Le journaliste britannique David Keenan (The Wire) ne s’y est pas trompé, bâtissant son fameux concept de pop hypnagogique sur une seule phrase de Ferraro dans laquelle il citait comme principale inspiration les souvenirs de sons entendus en sourdine depuis sa chambre d’enfants. Débordant de plus en plus nettement du carcan sound art pour frôler celui de la pop (voir le phénoménal Night Dolls with Airspray), Ferraro est devenu un moment une sorte d’Ubik de la musique de notre temps, inspirant par truchements une majorité du fameux “synth underground” (de Oneohtrix Point Never à une bonne partie du catalogue Not Not Fun), ce machin qui servait de sève aux blogs hipster et à feu Altered Zones, l’émanation pseudo souterraine de Pitchfork entre 2010 et 2011. Pour reprendre une dernière fois les paroles d’un confrère (Morgan Poyau de Vice France, pour ne pas le citer), “Tout Internet fait du Ferraro“.

Mais tout a subitement changé l’automne dernier avec la sortie sur Hippos in Tanks du doublon Condo Pets / Far Side Virtual. Arborant iPads et graphismes multicolores tout droit échappés de l’imaginaire visuel d’un col blanc de la Silicon Valley pendant la première moitié des années 90, ces deux propositions très étranges de postmodernité ambitionnaient cette fois le mimétisme clair et net plutôt que l’évocation impressionniste. Passionné par l’étrangeté totale du monde contemporain et plus particulièrement ce que les penseurs postmodernes (Baudrillard en premier) nomment l’hyperréalité, Ferraro s’est lancé dans la périlleuse entreprise de recréer en musique la vie dans ces lieux si similaires les uns avec les autres (Dubaï, les bars à smoothie, les Apple Stores) qu’ils semblent plus êtres des simulacres du réel que le réel lui-même.

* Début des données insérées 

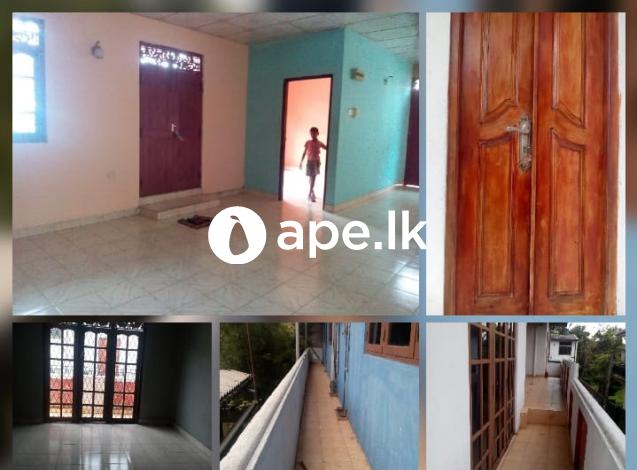 House for rent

Concept album moins fort par les discours qu’il engendre que par les effets qu’il produit sur l’esprit, dénué de toute plus-value critique, Far Side Virtual déborde bien sûr de toutes la complexité de notre temps, l’ambiguité y compris. Justement agacés et décontenancés par la précision et la force d’évocation prodigieuse du disque, une bonne partie des mélomanes auront ainsi confondu le geste et le fond, et achevé d’enterrer cette muzak 2.0. comme le foutage de gueule ultime de 2011. On adore le geste et le disque, mais on est bien trop paumé pour leur donner tort ou raison.

Apparemment tout content de son effet, notre brillant branleur ressuscité en simili Warhol des années 2010 est déjà ailleurs. Depuis quelques mois, il a plongé corps, âme et fringue dans Bebetune$/Bodyguard, projet hyper cryptique et complètement fondu dans Internet via lequel il revisite une partie des charts hip-hop r’n’b et déclare son amour sans faille pour les hummers, l’Antichrist et le gel silica, cette petite substance antihumidité qu’on trouve dans les boîtes à chaussures et les colis Amazon. Il vient également de sortir sur Hundebiss Records Rapture Adrenaline, son premier “long-métrage” entièrement réalisé en collage qu’il envisage pourtant comme le blueprint d’un film d’action dont il serait le héros. On vous laisse juger sur la pièce de la sauce à laquelle vous voudrez bien manger l’animal.